There are two sides of health care: Preventative Care (which is based on lifestyle choices, education, and preventative medicine), and Disease Management and Acute Care (including testing, diagnosing, symptom relief, and addressing pressing patient concerns). The primary focus of both American Health Care institutions and health insurance providers is disease management and acute care. This forces us to view our bodies through the lens of fear; focused on the notion 'what if I get sick.'
The WHO suggests:
- Support a paradigm shift toward integrated, preventative care
- Promote financing systems and policies that support prevention in health care
- Equip patients with information, motivation and skills in prevention and self-care
- Make prevention an element of health care interactions
Possible Solutions & Opportunities
1) Care Centers and Clinics
Urgent care centers and clinics are filling the role of primary care physicians for many Americans. This is a growing industry. According to the Urgent Care Association of America the number of urgent care centers is increasing by about 100 per year in the US. This is vital because "according to one study published last year in The Journal of the American Medical Association, as few as 2 percent of medical students are choosing to pursue general internal medicine" (New York Times 'Primary Care's Image Problem').
2) Billing and Payment
"Thirty one percent of every health care dollar is consumed by private insurance bureaucracy and paperwork," according to Physicians for a National Health Plan. "Streamlining payment through a single nonprofit payer would save more than $400 billion per year." A recent study published by Criterion Ventures entitled, The Cash Market, highlights that in the current system people are not accessing needed care because of confusing pricing systems and cost barriers. This often leads to more costly interventions down the road. Creating effective and clear billing and payment systems would drive down costs from multiple angles.

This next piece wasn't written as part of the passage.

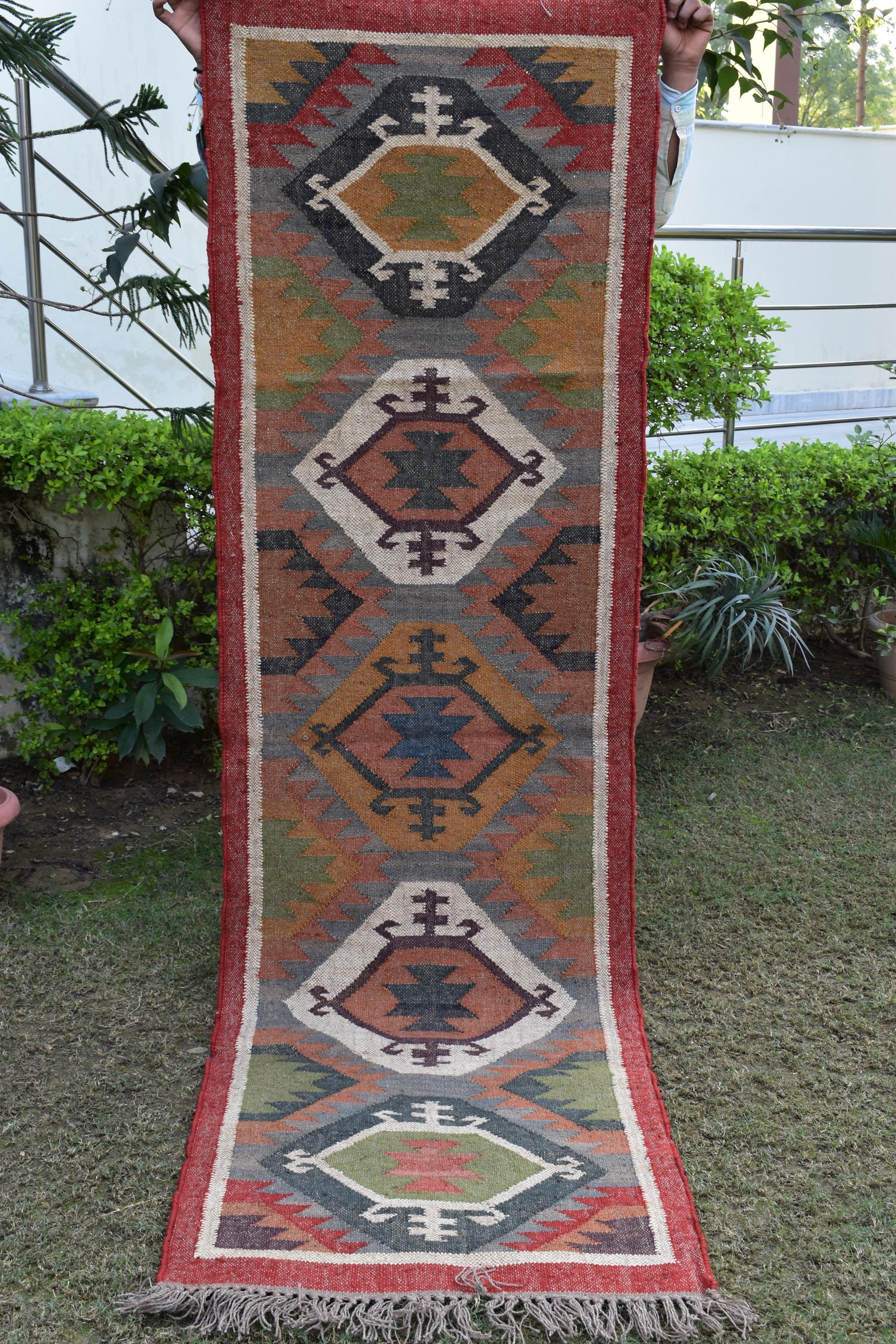 Handwoven Tribal Kilim Runner | Geometric Diamond Pattern | Wool Flatweave Runner Rug | Southwestern Boho Style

Senator Russ Feingold, (D-Wisc.) was quoted by the New York Times, saying, "We need to have some competition for the insurance industry to keep rates down and save taxpayer dollars." Additionally, we need competition in medicine. With so many health issues including: diabetes, obesity, heart disease, and depression attributed to lifestyle and an abundance of trained nutritionists, exercise physiologists and physical therapists poised to serve, the time is right for a shift in the way we look at preventative care and its place in the mainstream. With doctor's visits limited to around 10 minutes-per-patient by insurance companies, opportunities to educate are missed. This necessitates educational projects and clinics to teach and facilitate practices like managing stress, healthy eating, and exercise.
This could have been settled in 1774, when Dr. Benjamin Rush, the only physician to sign the Declaration of Independence, reportedly argued unsuccessfully: "Unless we put Medical Freedom into the Constitution, the time will come when medicine will organize into an undercover dictatorship..." Less than 100 years later, the Popular Health Movement, gathered momentum in the 1830s. Popular Health clinics sprung up as a way to care for the lower class. Similar to "alternative heath practices" of today, these clinics focused on nutrition and herbal treatments. They were so efficient that members of the growing middle and upper classes began to use them. By 1850, the newly established American Medical Association launched a campaign that labeled the Popular Health Practitioners "quacks" and put them out of business.
And here we are, in 2009, with a broken, singularly focused, elitist system. Possibilities are plentiful in the reformation of health care. Needs continue to grow and our government is proving unwilling to truly tackle health care in America. It is up to us to explore this issue and change health care for the better.